[Opening SOURCE DATA section]
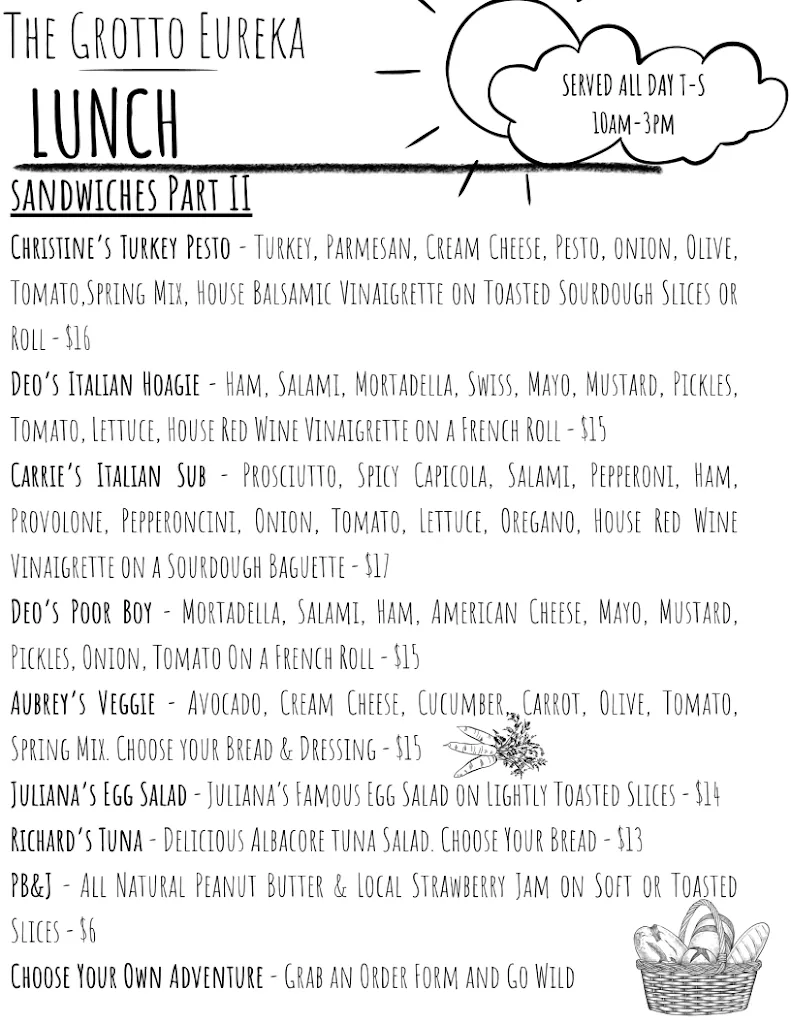 Menu_The Grotto Eureka_Eureka, CA_image_old_3
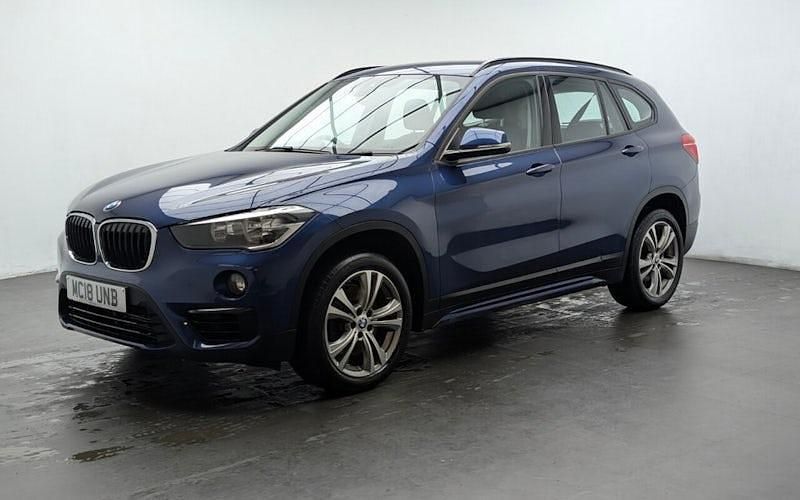 Used BMW X1 Sport Line 192 HP (141 kW) 2018 Blue SUV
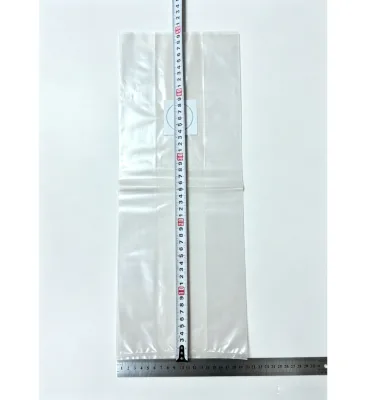 Satrise 20*12*50cm 0.06mm Thickness Autoclavable Mushroom Grow Bag with Filter Patch for Spawn and Fruiting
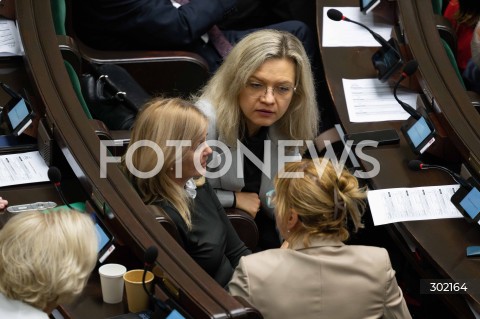  17.10.2025 WARSZAWA SEJM <br />
POSIEDZENIE SEJMU RP<br />
N/Z MALGORZATA WASSERMANN<br />
FOT. MARCIN BANASZKIEWICZ / FOTONEWS  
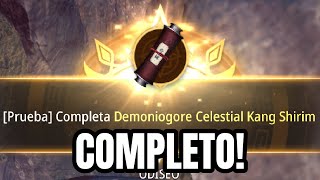 GUIA COMPLETA MAESTRO INCOMPARABLE  DEMONIOGORE CELESTIAL KANG SHIRIM  PERGAMINO 6  MIR4 [upl. by Abernon8]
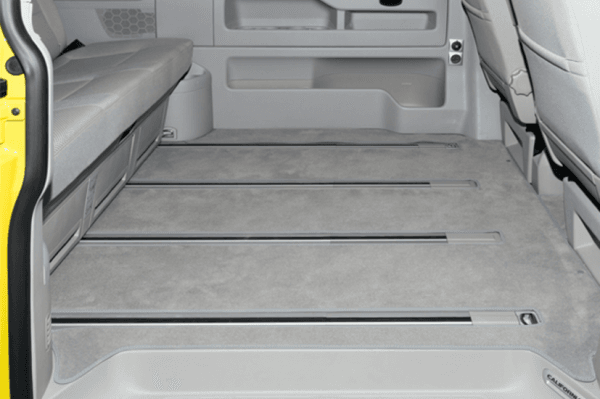Tapis espace passager Volkswagen California T5/T6/T6.1 Beach Noir Titane Banquette 3 places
[Closing SOURCE DATA section]
**ACTION ITEM:**
Strip out the pictures and quote the remaining data word for word.

**RESPONSE AREA:**
 Menu_The Grotto Eureka_Eureka, CA_image_old_3
 Used BMW X1 Sport Line 192 HP (141 kW) 2018 Blue SUV
 Satrise 20*12*50cm 0.06mm Thickness Autoclavable Mushroom Grow Bag with Filter Patch for Spawn and Fruiting
  17.10.2025 WARSZAWA SEJM <br />
POSIEDZENIE SEJMU RP<br />
N/Z MALGORZATA WASSERMANN<br />
FOT. MARCIN BANASZKIEWICZ / FOTONEWS  
 GUIA COMPLETA MAESTRO INCOMPARABLE  DEMONIOGORE CELESTIAL KANG SHIRIM  PERGAMINO 6  MIR4 [upl. by Abernon8]
Tapis espace passager Volkswagen California T5/T6/T6.1 Beach Noir Titane Banquette 3 places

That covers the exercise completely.